Now in the ancient world, being without a homeland was a serious religious problem. In those days, people believed in many gods; and most gods in the ancient near east were local gods. The god of a particular city dwelt in that city, and if a citizen of that city left, he left his god behind him. The god of one nation had no power or authority over any other, because the god’s power was geographically limited. So the early Israelites were regarded as quite strange. They had no homeland, and so obviously they had no god.

 

But the Hebrews themselves had a different view of things. Their God was not local, but all-powerful. He was God no matter where they were, no matter where they wandered. He was always with them. You can sense this idea most clearly in the stories of the Exodus from Egypt into the wilderness. There you find Moses pitching a tent outside the camp of the Hebrews each night. This tent was called the tent of meeting, for here the Lord would come and meet with Moses and give him direction. The fact that it was a tent was very significant, you see, because a tent is portable.  It meant that God was not tied to one location, but he went with them.
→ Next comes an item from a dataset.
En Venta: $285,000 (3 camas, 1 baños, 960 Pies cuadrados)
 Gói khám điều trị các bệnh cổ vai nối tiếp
They may have no homeland, they may be wanderers, but their God went with them, wherever they might go.

 

Now the background here is quite important, because in this passage from John there is a hidden reference to that tent. It is in the Greek word used when it says “the word became flesh and LIVED among us.” The word translated here as “lived” is the verb form of the noun “tent.” You might very literally translate this verse as “the Word became flesh and pitched his tent among us.” The image John has in mind is that in Jesus Christ, God is again “pitching his tent” among his people—and no longer on the edge of the camp, but right in the midst of it.  He is going where they go, living where they live, traveling where they travel. He is identifying with them, and being with them completely and totally. He is demonstrating that he is not a God who is far off, but a God who comes to us and abides with us.

 

Now all this stuff about tents and nomads seems worlds away from us. It is rooted in very primitive culture, very primitive ideas about God. And yet perhaps its image is closer to us than we might first imagine. In many ways, we very modern twentieth century Americans are the new nomads, the new wanderers. How many of you—raise your hands—are living more than 100 miles from the town where you were raised? How many more than 500 miles? How many have lived in Nevada County all your life? You are a very typical group. Most of us live many miles from where we were raised, and most of us, in our lifetimes, live in many different places. In a society where such mobility is frequent, the sense of rootlessness is very great. We do not have the ties to the land, to family and friends, to church, to other institutions, that most people had just 75 years ago. And that leaves us unsettled, restless.

 

Sociologists tell us that when people move to a new place, the chances are that they will fall away from the church. They may have been dedicated church members back home, but in this new place, they simply drop out. Maybe they go to church once or twice, but it just isn’t like home, so they don’t go back. That is symptomatic, you see, of the sense of rootlessness that is part of our whole American culture.

 

But even if you live in the same place most of your life, things around you change. Science, technology, communication, transportation—all rapidly advance. Fifteen years ago, how many of us had even heard of the internet? Twenty years ago, who would have predicted the collapse of the Soviet Union? Five years ago, who would have thought that America would elect an African-American president? And with the swirling changes in the world come changes in values. We used to think we knew right from wrong, but now we’re not so sure. We don’t seem to have any clear grasp on where we are as a society, or where we are going. In short, we are nomads. We may live in comfortable houses, with lots of apparent stability in our lives. But we still find ourselves in many respects every bit as unsettled and rootless as the ancient Hebrews three thousand years ago.

 

And even so, right in the midst of all that change and uncertainty, in Jesus Christ God is pitching his tent among us!  Even so, in the middle of all that rootlessness, in Jesus Christ God is living among us! Even when we feel that nothing is the same anymore, and we can’t rely on anything anymore, there is one thing we can rely on—and that is that God is with us! No matter where we go, no matter how far we wander, no matter how lost we may feel, in Jesus Christ we know that God is with us, and that when we move, he folds up his tent and comes right along too!

 

Can you grasp just how freeing that is? Just how comforting that is? He pitches his tent among us! He not only never leaves us, but we can never leave him! He follows us, stays with us, lives with us. He is Emmanuel, God with us! In the 139th Psalm, it is said this way: “If I ascend to heaven, thou art there. If I make my bed in hell, thou art there. If I take the wings of the morning and dwell in the uttermost parts of the sea, even there thy hand shall lead me.” The Word became flesh and dwelt among us: And even now, he lives among us, pitching his tent among us, moving with us through all our journeys. Traveling with us into this new year, and this new decade, and into all the future days before us. God has made our homelessness his home. He has come to us, and he abides with us. He is indeed Emmanuel, God with us.

 

O Holy Child of Bethlehem,

descend to us, we pray;

cast out our sin and enter in,

be born in us today.

We hear the Christmas angels

their great glad tidings tell.

O come to us, abide with us,

our Lord Emmanuel.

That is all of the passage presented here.